As mentioned, one of the things I was most keen on learning was the relationship between price, quality and the age of garment. I quickly realized that my Notting Hill vintage shopping has prices I now in true words can call outrages and over the top. At least compared to what is on offer in Bacon Street number 14. As the cafe is on the ground floor, the shop is half way beneath street level. However, two large windows let in enough light to give the clothes a fraction of the shine they deserve.
The Vintage Emporium specializes in clothes pre 1950s, and have truly succeeded. Naomi quickly started shuffling through the racks. To big, to much, not quite the right colour, easily making me understand that this lady easily has a black belt in vintage shopping. I ended up trying two fault-free 1940s dresses. At the same time discovering that my bodyshape fits the clothes of that era almost perfectly. The friendly owner Jess put the two dresses aside, and of we went, continuing our vintage quest.
Picture taken from the Emporiums online page.

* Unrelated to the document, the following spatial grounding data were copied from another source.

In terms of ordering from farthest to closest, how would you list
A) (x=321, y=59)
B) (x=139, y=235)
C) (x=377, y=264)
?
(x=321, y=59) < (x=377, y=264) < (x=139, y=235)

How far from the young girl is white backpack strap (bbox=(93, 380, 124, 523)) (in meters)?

Wasting no time we quickly reached Hunky Dory vintage, a shop run by two kind gentlemen. Rushing to the racks Naomi again began looking for the lethal combination of right size, look and price, with me standing close with an eager eye. With a few pieces hanging off Naomi's arm we disappeared one floor down, trying our best not to miss out on anything. I tried on a floral dress, with amazing details and indescribable ruffles along the asymmetrical edge of the dress. Accompanying me in the dressing room was also a skirt, a black and yellow Salvatore Ferragamo dress, unfortunately not taken good care of by its previous owner, resulting in moth holes, and a 1960s two piece set - a top and a skirt, in a floral pattern.

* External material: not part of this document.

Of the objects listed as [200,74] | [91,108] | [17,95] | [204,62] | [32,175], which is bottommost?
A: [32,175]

Picture taken from flickr.com
Cardigan clips from The Shop
It is strange how something, in this case vintage shopping can make one forget almost anything. The people closest to me don't even lift an eyebrow when I mention food. As it seems I am, if not constantly, at least quite often hungry. When walking along Bacon street to our next destination I would have expected my stomach to scream, kick and roar for food, but it didn't.
The Shop is truly a paradise for anyone that vaguely likes silk scarfs. They are everywhere. In baskets on the floor, on tables and chairs. In cabinets on the wall, and hanging from other furniture. This was the cheapest of the days shops. Also here Naomi knew the owner. The shop assistant nodded in agreement when asked whether her day was filled with folding. "There are so many scarfs here, and almost impossible for the customers to put them back in the correct place, and folded properly" she replies.
Trying on several maxi lengths we both got disappointed when realizing they simply weren't floor sweeping on me. Am I too tall to ever find a floor length gown? I ended up getting a pair of earrings and a pair of cardigan clips. I must admit I was a bit uncertain, but now I am absolutely infatuated with them.
Picture taken from thrift-ola.com
Last but not least we continued down Bacon Street to Beyond Retro, a huge warehouse full of vintage. The trick here, I learned, is to know what your looking for. Otherwise it will take forever. The shop is well organized and has an amazing selection of clothes, bags and other accessories. Here I ended up buying quite a number of pieces. I promise to show them as soon as I wear them.
We finished of the day with a glass of juice at The Vintage Emporium Cafe, and do you know what: The day exceeded all of my expectations. I ended up buying one of the the 1940s dresses from the Emporium. And my goal of learning more about prices, and alternative places in London to shop was a success.